Et ceux que l'on mène au poteau,
Dans le petit matin glacé,
Au front la pâleur des cachots,
Au coeur le dernier chant d'Orphée,
Tu leur tends la main sans un mot,
O mon frère au col dégrafé...


15 novembre 1944.

Poèmes de Fresnes

Robert Brasillach

 

Commentaires

  • Condamné à mort comme "ennemi du peuple",André Chénier est guillotiné le 25 juillet 1794,immolé sur l'autel de la Terreur lui, l'amoureux de la beauté antique !

    Robert Brasillach connaissait bien la belle poésie d'André Chénier et ce "frère au col dégrafé" qui écrivait lui aussi de sa prison...

    " Comme un dernier rayon, comme un dernier zéphyre
    Animent la fin d'un beau jour,
    Au pied de l'échafaud j'essaye encor ma lyre.
    Peut-être est-ce bientôt mon tour.
    Peut-être avant que l'heure en cercle promenée
    Ait posé sur l'émail brillant,
    Dans les soixante pas où sa route est bornée,
    Son pied sonore et vigilant,
    Le sommeil du tombeau pressera ma paupière.
    [...]"

    Merci, chère Gaëlle, de nous donner à lire ceux qui sont vilipendés par les infâmes de la Terreur actuelle!

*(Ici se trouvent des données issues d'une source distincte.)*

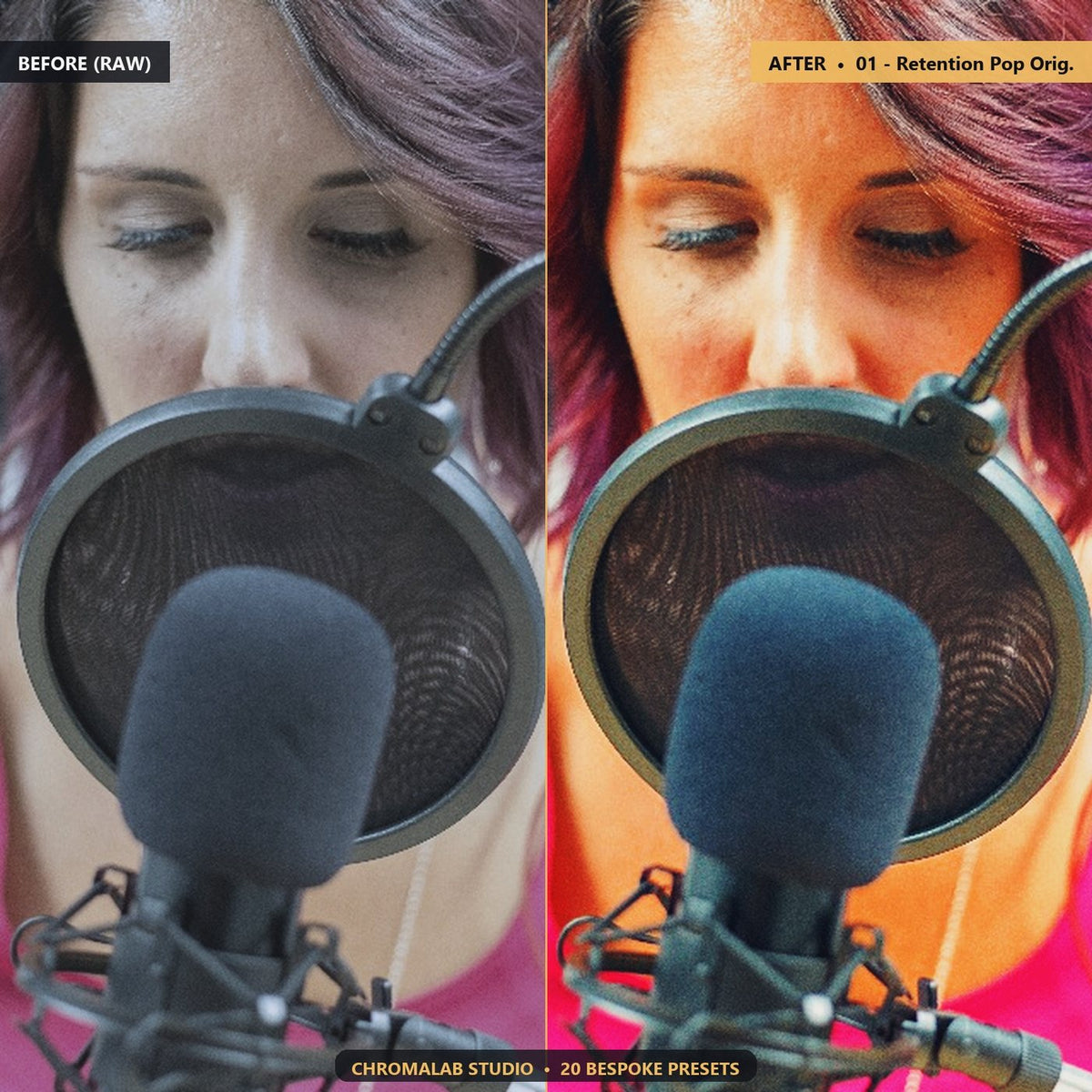 TikTok Talking Head Podcast Glow - Before & After Split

  • Merci a Gaelle pour ce beau poeme!
    Andre Chenier et Brasillach victimes tous les deux.
    Est-ce que Chenier figure encore dans les livres des ecoliers?
    Est-ce qu'on arretera un jour de joindre le nom de collabo a celui de Brasillach?

  • @ Nelly: je ne sais pas, je l'espère! Les cycles reviennent... comme le retour des saisons.

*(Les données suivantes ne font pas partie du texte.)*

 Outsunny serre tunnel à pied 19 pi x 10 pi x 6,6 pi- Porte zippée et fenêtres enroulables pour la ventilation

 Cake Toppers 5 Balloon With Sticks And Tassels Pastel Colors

    Robert Brasillach est venu se livrer pour sa mère qu'on menaçait de jeter en prison.

    Quelques années plus tard, il échappait au poteau.

    Honte à De Gaulle qui a fait fusiller un grand poète!

  • @ tania: je crois qu'André Chénier, qui n'était pas contre certaines réformes de la monarchie, avait refusé de voter la mort du Roi.
    Mais je peux me tromper.

  • Merci Gaelle et Tania pour ces hommages émouvants.

    On ne peut évoquer A. Chénier sans sa "belle Tarentine"

    Pleurez, doux alcyons, ô vous, oiseaux sacrés,
    Oiseaux chers à Thétis, doux alcyons, pleurez.

    Elle a vécu, Myrto, la jeune Tarentine.
    Un vaisseau la portait aux bords de Camarine.
    Là l'hymen, les chansons, les flûtes, lentement,
    Devaient la reconduire au seuil de son amant.
    Une clef vigilante a pour cette journée
    Dans le cèdre enfermé sa robe d'hyménée
    Et l'or dont au festin ses bras seraient parés
    Et pour ses blonds cheveux les parfums préparés.
    Mais, seule sur la proue, invoquant les étoiles,
    Le vent impétueux qui soufflait dans les voiles
    L'enveloppe. Étonnée, et loin des matelots,
    Elle crie, elle tombe, elle est au sein des flots.

    Elle est au sein des flots, la jeune Tarentine.
    Son beau corps a roulé sous la vague marine.
    Thétis, les yeux en pleurs, dans le creux d'un rocher
    Aux monstres dévorants eut soin de la cacher.
    Par ses ordres bientôt les belles Néréides
    L'élèvent au-dessus des demeures humides,
    Le portent au rivage, et dans ce monument
    L'ont, au cap du Zéphir, déposé mollement.
    Puis de loin à grands cris appelant leurs compagnes,
    Et les Nymphes des bois, des sources, des montagnes,
    Toutes frappant leur sein et traînant un long deuil,
    Répétèrent : « hélas ! » autour de son cercueil.

    Hélas ! chez ton amant tu n'es point ramenée.
    Tu n'as point revêtu ta robe d'hyménée.
    L'or autour de tes bras n'a point serré de nœuds.
    Les doux parfums n'ont point coulé sur tes cheveux.

  • Je vous remercie, Décée, pour ce si beau poème de Chénier. Je le connaissais, au lycée autrefois on l'apprenait, et je comptais le poster demain. Mais vous m'avez précédée et c'est très bien!

  • Quel émouvant poème que "La Jeune Tarentine" !

    Merci à Décée !

    Souvenirs de lycée aussi pour moi,Gaëlle !
    L'étudie-t-on encore ?

    La référence à Thétis devait être chère à Brasillach, lui qui écrivit un si beau "Présence de Virgile".